Nous avions à disposition la visite virtuelle sur Google Earth (la station, pourtant en retrait de la route a été flashée sur street view). De même, sur Google sketchup, elle a été modélisée par la ville de Nantes qui en possède une, transformée en lieu d’exposition. Les élèves ont pu alors parcourir ces différents espaces de représentation pour combiner la modélisation 3d avec l’image composite, un espace, son mode de représentation spécifique questionnant l’autre. Certains sont venus s’approprier leurs univers virtuels, les jeux vidéo, s’aventurer dans la ville de Los Santos de GTA ou bien creuser dans Mine craft pour proposer une cité idéale dans laquelle la station Prouvé aurait comme voisinage proche, le cabanon et la villa Savoye de Le Corbusier, la villa Appel de Jacques Tati… Nous avons finalisé ce parcours par la réalisation de gifs animés, une de ces nouvelles pratiques de l’image numérique que l’on rencontre sur le web.
Au final, quel bilan tirez-vous du projet : du point de vue des lettres ? du point de vue des arts plastiques ? De manière générale ?
L’objectif en lettres est de faire acquérir une véritable culture aux élèves, « pratiquée, manipulée » de l’intérieur, parodiée même (la parodie d’une œuvre ne suppose-t-elle pas une connaissance authentique de cette œuvre ?) et non pas une culture « plaquée », artificielle qu’ils n’intégreront pas forcément, sauf momentanément, dans le souci de la bonne note, et qu’ils oublieront aussitôt.
En respectant les contraintes chères aux Oulipiens, ici renforcées par le « détournement » du roman et du statut de l’auteur transformé en personnage, ils se sont emparés non seulement du récit et de ses acteurs, mais aussi des différents protagonistes qu’il s’agisse des artistes ou de leurs œuvres. Ils les ont incarnés, ils ont été leur voix. Ils attendent, maintenant, que la station Prouvé, devenue « leur station » soit classée au patrimoine.
L’objectif en arts plastiques est de parcourir cet objet architectural singulier du XX° via le numérique pour se l’approprier, en le conceptualisant dans son environnement plastique, historique et urbain.
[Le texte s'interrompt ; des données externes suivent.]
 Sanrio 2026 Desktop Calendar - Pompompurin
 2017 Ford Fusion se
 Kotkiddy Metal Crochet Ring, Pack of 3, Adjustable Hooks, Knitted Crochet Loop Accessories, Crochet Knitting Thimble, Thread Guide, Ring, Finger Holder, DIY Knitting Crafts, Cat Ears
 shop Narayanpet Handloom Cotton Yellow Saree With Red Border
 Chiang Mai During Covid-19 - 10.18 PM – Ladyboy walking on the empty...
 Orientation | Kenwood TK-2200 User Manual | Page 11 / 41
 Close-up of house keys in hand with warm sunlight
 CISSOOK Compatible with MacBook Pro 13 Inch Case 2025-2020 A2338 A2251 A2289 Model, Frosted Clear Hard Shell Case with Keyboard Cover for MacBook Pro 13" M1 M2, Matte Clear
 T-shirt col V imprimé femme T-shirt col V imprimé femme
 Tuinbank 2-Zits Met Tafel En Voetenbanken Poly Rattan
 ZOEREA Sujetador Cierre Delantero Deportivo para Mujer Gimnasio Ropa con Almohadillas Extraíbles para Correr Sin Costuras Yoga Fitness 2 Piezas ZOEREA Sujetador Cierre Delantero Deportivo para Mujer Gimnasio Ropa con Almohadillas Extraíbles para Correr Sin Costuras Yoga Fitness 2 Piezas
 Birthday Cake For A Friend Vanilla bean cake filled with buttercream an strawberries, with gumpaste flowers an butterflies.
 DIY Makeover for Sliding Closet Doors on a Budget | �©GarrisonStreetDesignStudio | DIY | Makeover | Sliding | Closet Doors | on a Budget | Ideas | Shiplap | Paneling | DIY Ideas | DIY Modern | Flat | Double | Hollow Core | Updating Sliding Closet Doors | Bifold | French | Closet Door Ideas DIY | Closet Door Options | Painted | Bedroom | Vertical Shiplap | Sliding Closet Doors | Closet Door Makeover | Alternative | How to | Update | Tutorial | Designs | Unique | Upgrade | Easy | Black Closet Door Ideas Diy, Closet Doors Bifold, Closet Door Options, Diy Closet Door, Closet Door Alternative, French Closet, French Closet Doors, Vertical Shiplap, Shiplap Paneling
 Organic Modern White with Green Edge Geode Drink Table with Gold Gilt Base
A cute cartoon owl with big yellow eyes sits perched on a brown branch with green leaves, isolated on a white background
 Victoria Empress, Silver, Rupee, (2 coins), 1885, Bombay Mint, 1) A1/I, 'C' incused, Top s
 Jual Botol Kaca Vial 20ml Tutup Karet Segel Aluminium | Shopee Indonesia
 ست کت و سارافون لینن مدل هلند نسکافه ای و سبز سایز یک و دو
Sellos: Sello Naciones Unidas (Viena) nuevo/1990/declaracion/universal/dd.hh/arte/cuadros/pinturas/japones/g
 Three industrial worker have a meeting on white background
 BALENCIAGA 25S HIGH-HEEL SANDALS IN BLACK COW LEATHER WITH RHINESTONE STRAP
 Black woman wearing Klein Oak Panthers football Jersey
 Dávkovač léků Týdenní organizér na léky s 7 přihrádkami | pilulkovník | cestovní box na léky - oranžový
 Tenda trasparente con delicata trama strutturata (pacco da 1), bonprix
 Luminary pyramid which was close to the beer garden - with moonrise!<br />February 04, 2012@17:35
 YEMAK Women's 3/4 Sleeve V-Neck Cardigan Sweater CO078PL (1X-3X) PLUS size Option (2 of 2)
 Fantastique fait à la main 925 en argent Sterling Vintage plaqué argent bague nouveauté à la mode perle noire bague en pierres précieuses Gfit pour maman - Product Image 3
En quoi le numérique vous semble-t-il susceptible de revitaliser notre enseignement, en particulier l’apprentissage de l’oral et la relation aux œuvres ?
Le numérique nous permet de diversifier les séquences pédagogiques. La classe s’octroie de nouvelles dimensions dans une spatialité temporelle de travail (avant, pendant et après). La classe peut collaborer, participer, échanger et s’engager pour décloisonner ces nouveaux registres de l’image, de l’écrit et de l’oral. Ce dispositif, tout en validant les acquis des programmes respectifs du socle commun a, de toute évidence, amené les élèves à être des acteurs citoyens.
D’ailleurs ils attendent, maintenant, que nous amenions ce projet à son terme, c’est à dire à la réelle valorisation de la station. Nous allons nous y atteler pour les remercier de leur investissement.